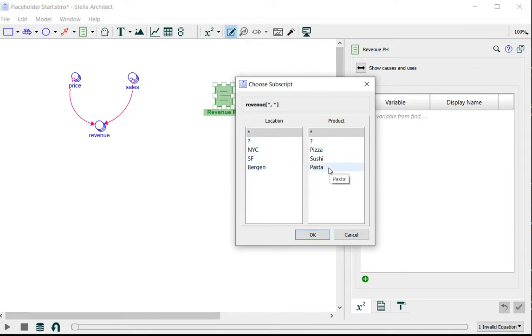And because this is an arrayed variable I get the array picker and I want to have all locations and all products in this placeholder so I'm going to use asterisks for both and they're both selected so I click OK.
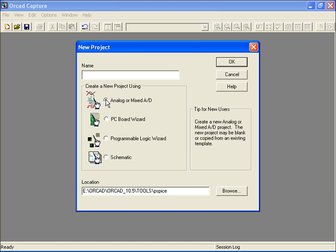You're also provided with a file directory text box that allows you to specify the location for your work. By default, your project will be saved in the PSPICE folder located in your tools directory. If necessary, click the Browse button to select a different path.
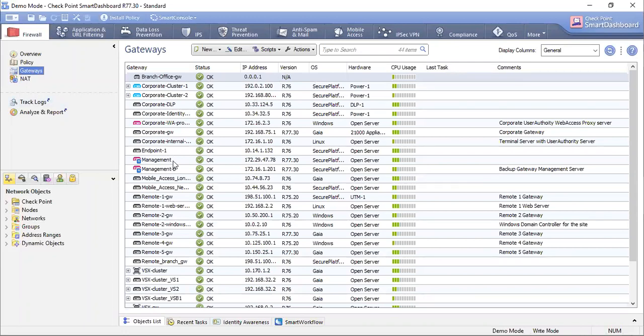It's a firewall or a management server and VSX also. Here you can see the details of the devices, IP and status, different parameters. You can see the CPU status as well.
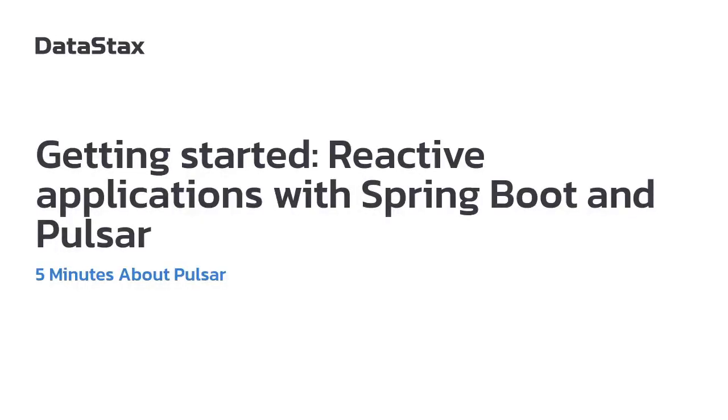Hello and welcome to 5 minutes about Pulsar. My name is Larry Hotari. I'm on the streaming team at DataStax and a PMC member on Apache Pulsar project.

- REQUIRED ACTION: Only lines go in the copy, not pictures. Transcribe exactly from the start of the listing through the line containing "You're also provided".

- EXERCISE RESPONSE:
And because this is an arrayed variable I get the array picker and I want to have all locations and all products in this placeholder so I'm going to use asterisks for both and they're both selected so I click OK.
You're also provided with a file directory text box that allows you to specify the location for your work. By default, your project will be saved in the PSPICE folder located in your tools directory. If necessary, click the Browse button to select a different path.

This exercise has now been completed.